Let $X$ and $Y$ be two topological space and let $f : X \to Y$ be a continuous map. Let $\sim $ be the equivalence relation on $X$ defined by $x_1 \sim x_2$ if and only if $f\left( x_1 \right) = f\left( x_2 \right) $. Then there exists a continuous function $g : X / \mathord{\sim } \to Y$ such that $f = g\circ \pi$.

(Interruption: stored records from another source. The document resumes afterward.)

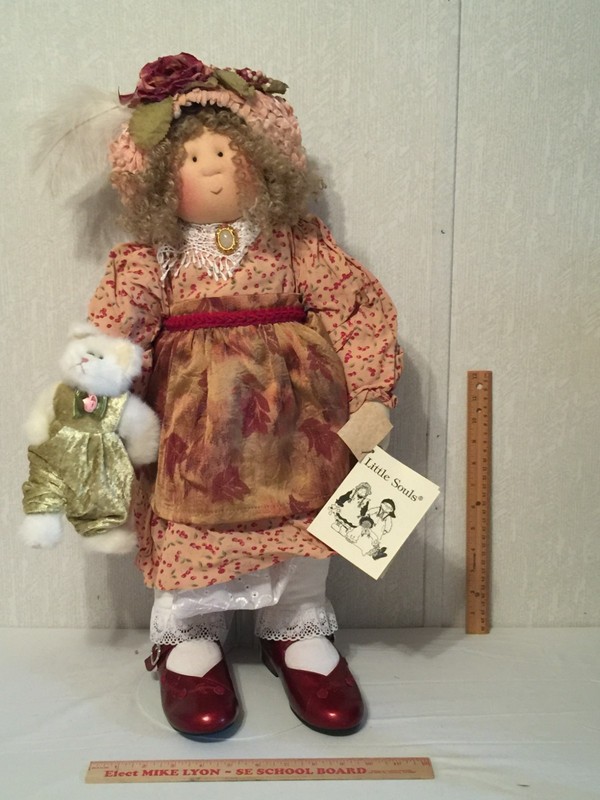 2000 Little Souls 25" Doll - CASSIDY #80 of 500     (G67)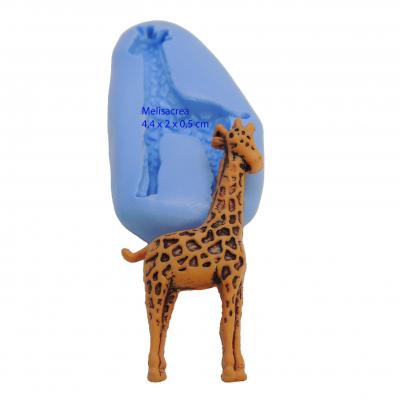 Moul en silicone girafe mesure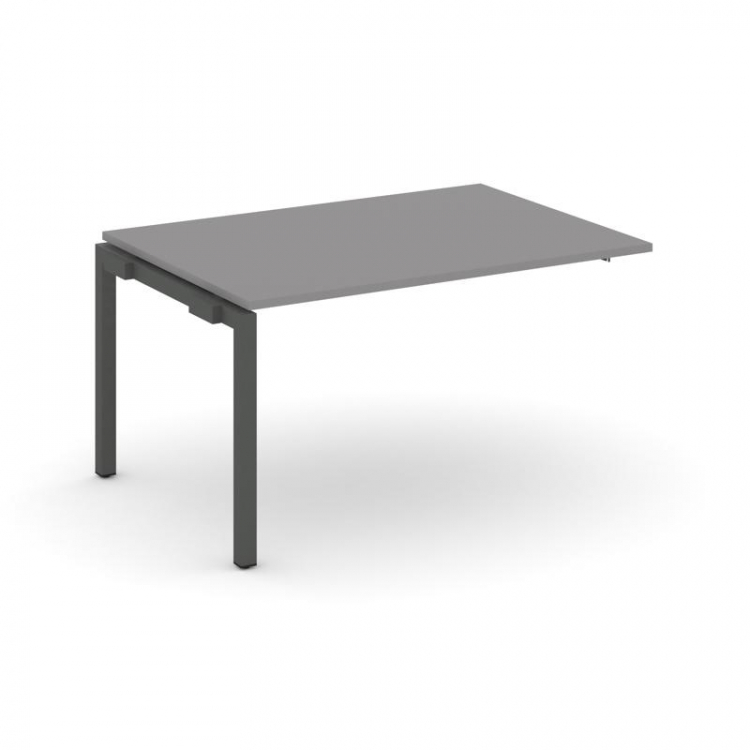 Стайл Проджект Проходной наборный элемент переговорного стола SN-5P.NSPRG-002.3 Серый Пепел/Металл А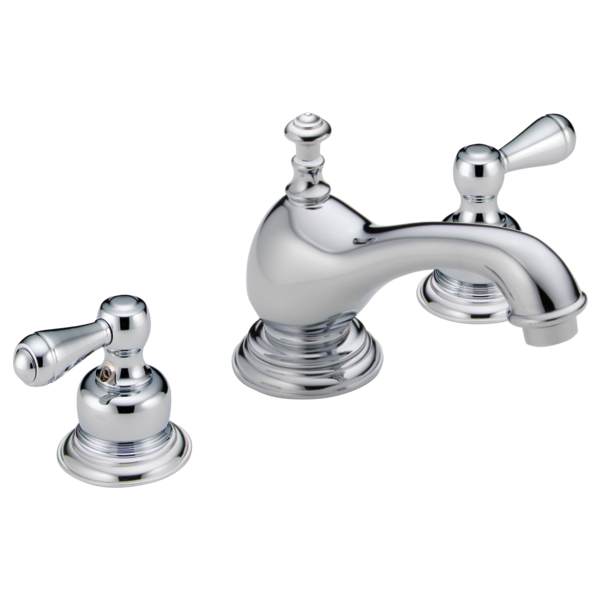 Delta NeoStyleOld H25PB Metal Lever Handle Set - 2H Bathroom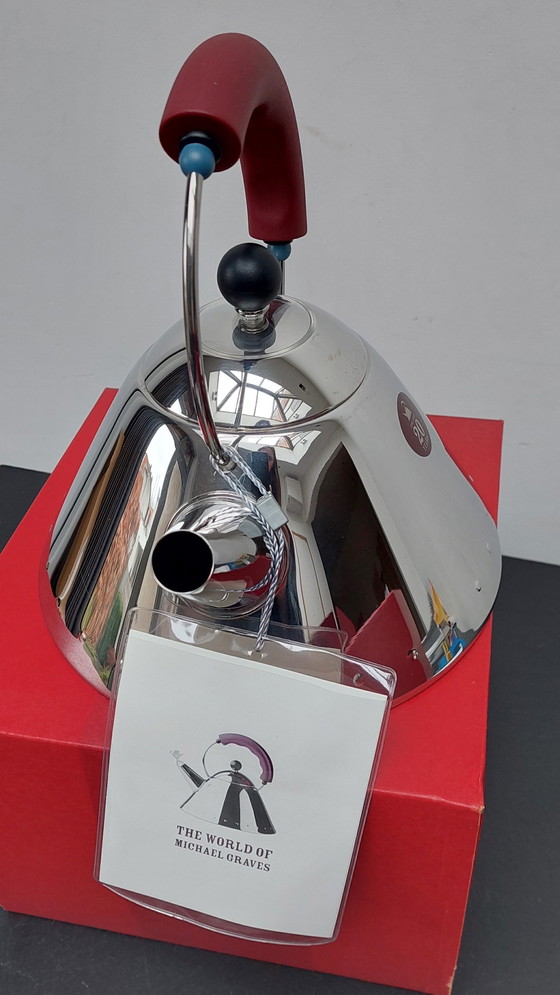 Image 1 of Whistling Kettle 20 anni Alessi 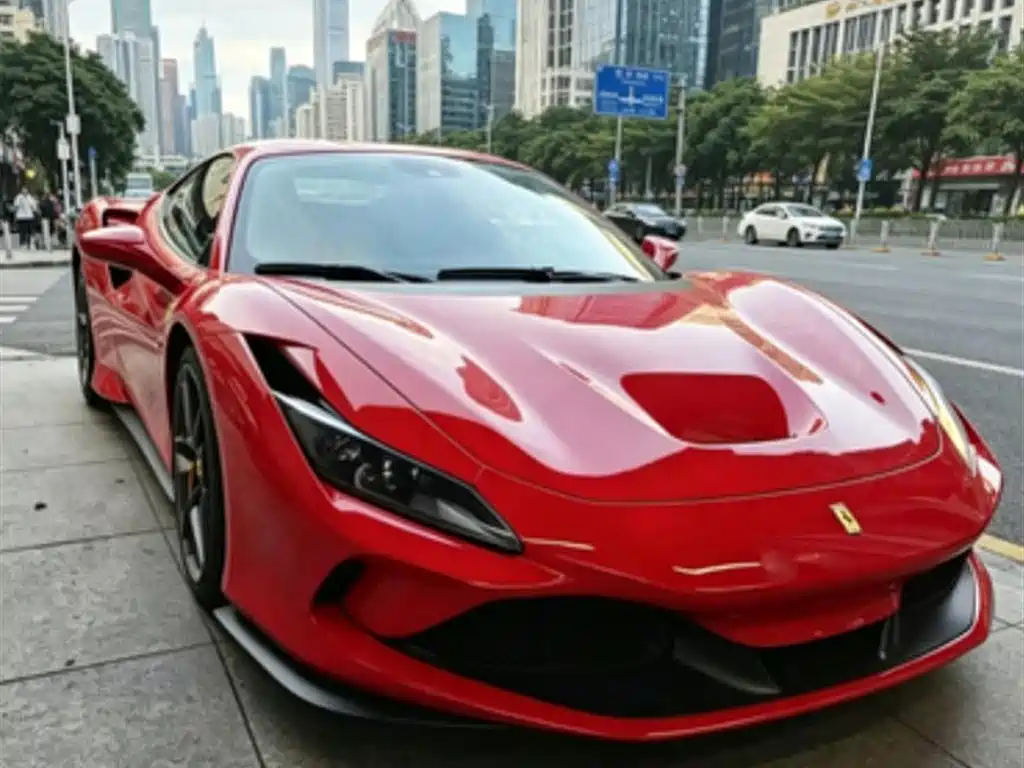 Ferrari F8 2020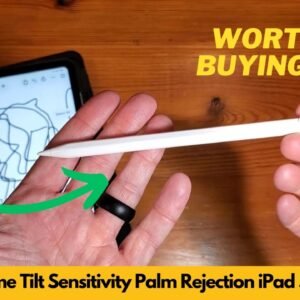 StylusHome Magnetic iPad Pencil 35H Long Battery Tilt Sensitivity Palm Rejection Unboxing & Review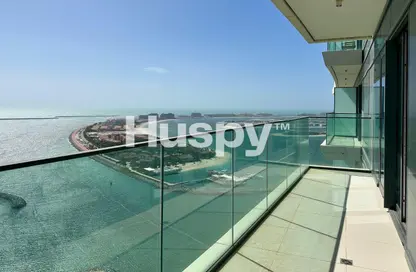 Apartment - 2 Bedrooms - 2 Bathrooms for rent in Beach Vista Tower 2 - Beach Vista - EMAAR Beachfront - Dubai Harbour - Dubai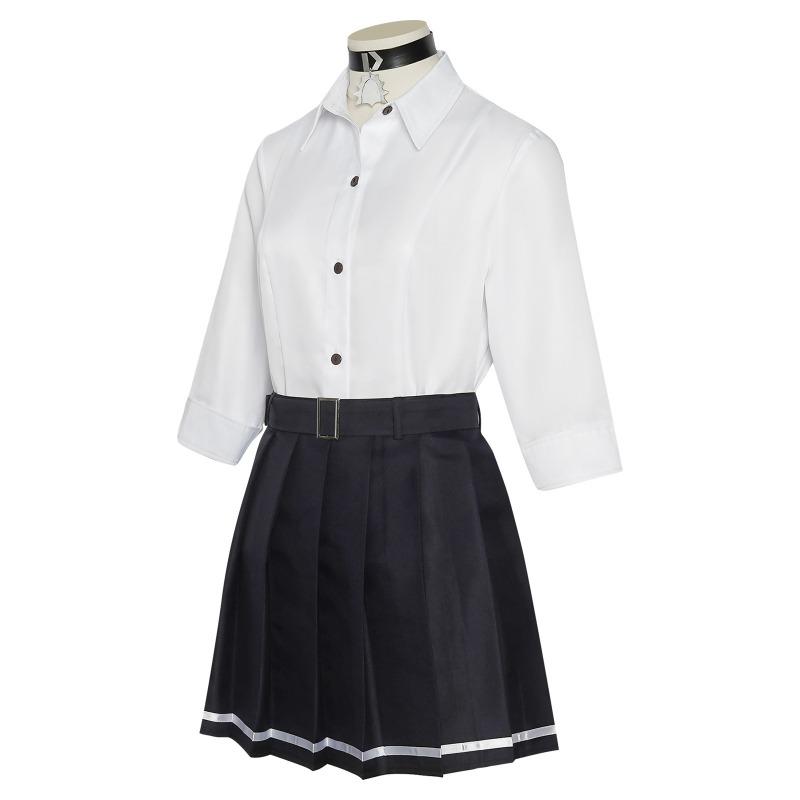Halloween anime cos costume Elaine Joe shark girl jk uniform cosplay game stage performance costume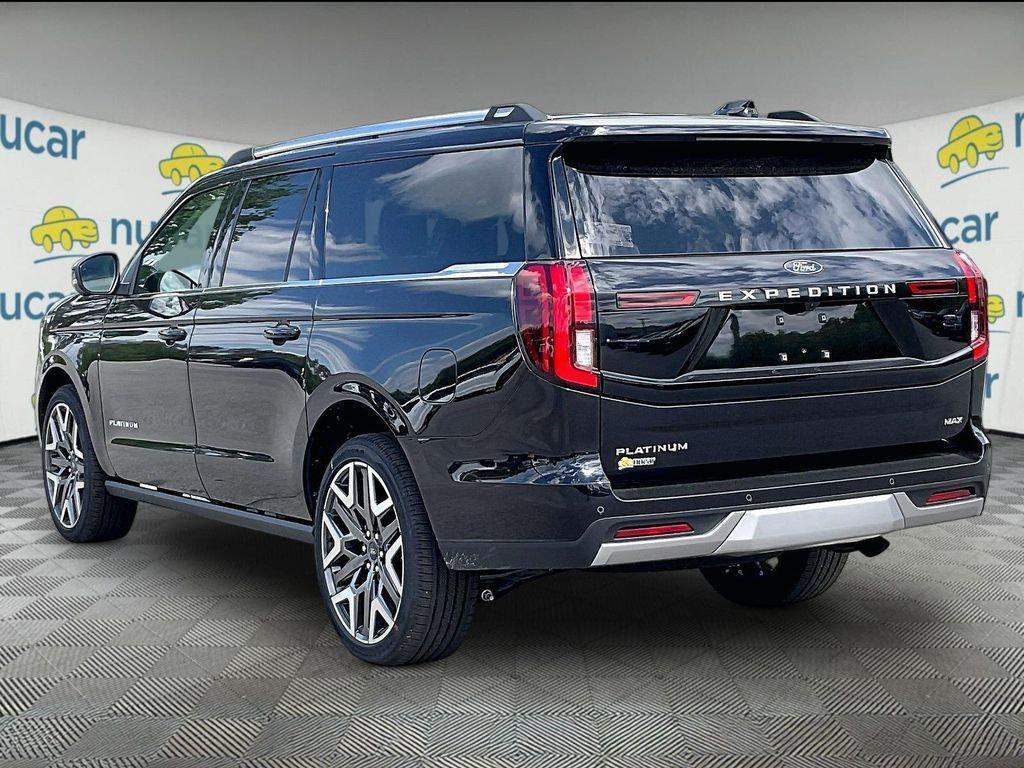 new 2026 Ford Expedition Max car, priced at $89,024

So we got a continuos map $g : \mathbb{R} ^2 / \mathord{\sim } \to \mathbb{R} $ defined by $g[(x,y)] \mapsto x + y^2 $. Define a map
\[
h : \mathbb{R} \to \mathbb{R} ^2 / \mathord{\sim },~ x \mapsto [(x,0)].
\]
Note that $h$ is defined as the composition of maps $h_1 : \mathbb{R} \to \mathbb{R} ^2, ~ x \mapsto (x,0)$ and the quotient map. Therefore, it is continuous. Now we only need to show that $g \circ h$ and $h\circ g$ are identity.
\begin{align*}
(g \circ h)(x) & = g([x,0]) = x \\
(h \circ g)([x,y]) & = h\left( x + y^2 \right) = \left[ (x + y^2, 0) \right] = [(x,y)].
\end{align*}
Therefore, the quotient space is homeomorphic to $\mathbb{R} $.